Simple convolutional neural network to predict handwritten digits using Keras + CoreML built for WWDC '18 scholarship submission [Accepted]

What is a Convolutional Neural Network ?

A convolutional neural network is a class of deep, feed-forward artificial neural networks that have successfully been applied to analyzing visual imagery.
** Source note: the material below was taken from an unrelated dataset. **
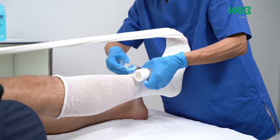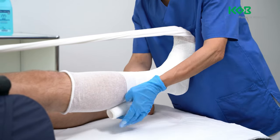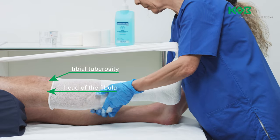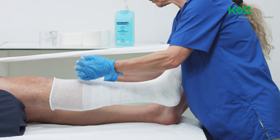Keep the bandage wrinkle-free while wrapping the heel until it covers the heel completely. Then wrap the calf in spiral fashion up to the head of the fibula. The head of the fibula and the tibial tuberosity form the proximal anchor points of the bandage.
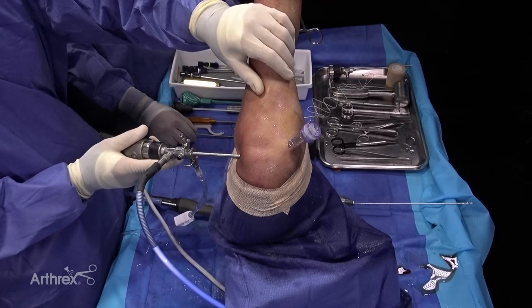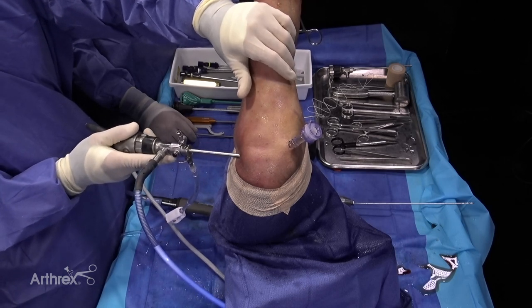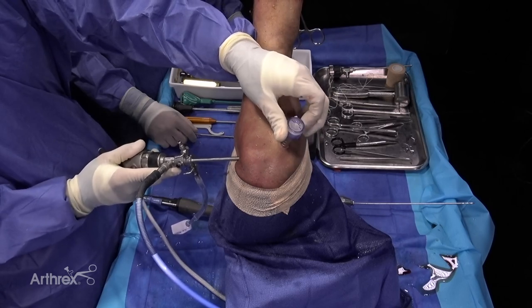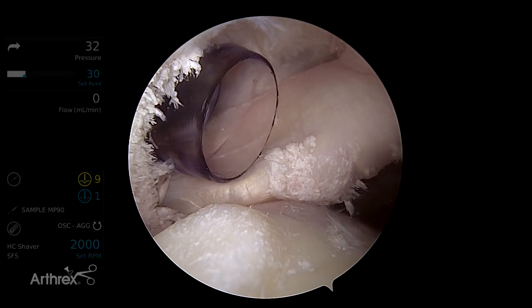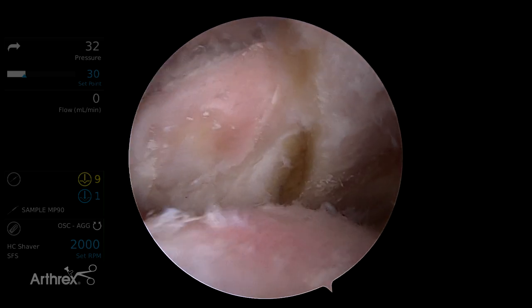I want to share my technique for double row repair of an upper subscapularis tendon tear using a completely knotless technique. This is a left shoulder. I'm viewing from a posterior viewing portal. I have an 8-25 threaded cannula in the anterior supralateral portal, which is made just above the biceps tendon.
They were inspired by biological processes in that the connectivity pattern between neurons resembles the organization of the animal visual cortex. Individual cortical neurons respond to stimuli only in a restricted region of the visual field known as the receptive field. The receptive fields of different neurons partially overlap such that they cover the entire visual field.

From Wikipedia


Watch the full video on YouTube by Denis Dmitriev


The MNIST Dataset

The MNIST database is arguably the most famous database in the field of machine learning; it is a large database of 28x28 pixel images of handwritten digits created in 1999 by Yann LeCun.


The Model

Our model consists of 12 layers:

  1. Input (28x28 pixel image)
  2. Conv2D (Relu activation)
  3. MaxPooling2D
  4. Conv2D (Relu activation)
  5. MaxPooling2D
  6. Conv2D (Relu activation)
  7. MaxPooling2D
  8. Dropout (0.3)
  9. Flatten
  10. Dense
  11. Dropout (0.4)
  12. Dense (Softmax activation)

Draw and classify digits in Playground Canvas

Run the MNIST+CoreML.playground on Xcode 9.0+ or Swift Playground app on the iPad

Make sure disable Enable Results before running


Creating and Training The Model

The model was created and trained using Keras (a high-level neural networks API, written in Python)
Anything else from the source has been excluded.